REUTERS/Paulo Whitaker/Nacho Doce/File Photo

Fernando Haddad comparou Bolsonaro a Hitler.

Nas últimas horas de campanha eleitoral, o Partido dos Trabalhadores (PT) de Fernando Haddad disparou, pela primeira vez, artilharia pesada contra Jair Bolsonaro, do PSL, o líder das sondagens.

Em tempo de antena, associou o candidato de extrema-direita a Adolf Hitler, intercalando imagens do político brasileiro e do político alemão.

Passou trechos de entrevistas com Bolsonaro a dizer que é a favor da tortura e que, com eleições e democracia, não se muda o país.

E ainda mostrou votações do adversário contra direitos dos trabalhadores mas a favor do aumento de salário dos deputados, como ele. "Não vote em quem sempre votou contra você", remata o tempo de antena que foi hoje a meio da tarde, em Portugal, ao ar.

Com muito pouco tempo de antena na TV, apenas oito segundos, Bolsonaro respondeu acusando Haddad de calúnia, perseguição e mentiras. "O sistema quer manter-se no poder", diz o candidato, "mas o povo quer Bolsonaro e quem manda é o povo".
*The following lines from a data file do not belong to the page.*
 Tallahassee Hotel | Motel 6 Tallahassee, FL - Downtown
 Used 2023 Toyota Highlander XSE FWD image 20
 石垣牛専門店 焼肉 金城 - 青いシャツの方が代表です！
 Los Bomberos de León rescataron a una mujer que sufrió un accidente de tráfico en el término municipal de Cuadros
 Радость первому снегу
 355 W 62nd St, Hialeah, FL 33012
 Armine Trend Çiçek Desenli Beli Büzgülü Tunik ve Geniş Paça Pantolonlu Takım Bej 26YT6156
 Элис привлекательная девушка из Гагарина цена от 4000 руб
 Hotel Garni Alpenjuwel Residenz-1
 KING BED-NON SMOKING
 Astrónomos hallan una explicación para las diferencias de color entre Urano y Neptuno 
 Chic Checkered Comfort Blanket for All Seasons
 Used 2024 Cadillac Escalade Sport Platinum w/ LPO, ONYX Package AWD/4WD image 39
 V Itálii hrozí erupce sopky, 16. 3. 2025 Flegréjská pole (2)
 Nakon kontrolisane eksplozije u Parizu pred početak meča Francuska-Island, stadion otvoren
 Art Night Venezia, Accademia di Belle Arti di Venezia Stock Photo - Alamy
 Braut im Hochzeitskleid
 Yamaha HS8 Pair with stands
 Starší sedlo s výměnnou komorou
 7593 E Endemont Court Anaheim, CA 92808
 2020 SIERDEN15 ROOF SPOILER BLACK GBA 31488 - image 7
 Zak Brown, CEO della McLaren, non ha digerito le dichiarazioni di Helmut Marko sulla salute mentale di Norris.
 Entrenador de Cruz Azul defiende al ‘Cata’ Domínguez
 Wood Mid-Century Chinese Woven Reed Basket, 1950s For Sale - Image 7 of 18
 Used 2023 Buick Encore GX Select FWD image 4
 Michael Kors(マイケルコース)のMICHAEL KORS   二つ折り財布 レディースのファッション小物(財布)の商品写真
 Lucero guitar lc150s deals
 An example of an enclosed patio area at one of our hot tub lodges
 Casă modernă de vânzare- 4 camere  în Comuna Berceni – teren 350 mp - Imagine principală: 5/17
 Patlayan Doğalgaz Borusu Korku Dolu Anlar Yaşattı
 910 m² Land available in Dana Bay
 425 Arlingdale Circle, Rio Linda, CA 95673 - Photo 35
Atrás de Bolsonaro, que tem mais de 30 pontos nas sondagens, e de Haddad, que passa os 20, os outros candidatos radicalizam o discurso para fazer frente à... radicalização.

"Estão tentando dividir o povo, peço o seu voto para que a esperança vença o ódio", disse Geraldo Alckmin, do PSDB, com cerca de 7 pontos nas pesquisas.

"Não vote contra ninguém, vote a favor do Brasil", pediu por sua vez Ciro Gomes, do PDT, de centro-esquerda, que atinge os 11 por cento.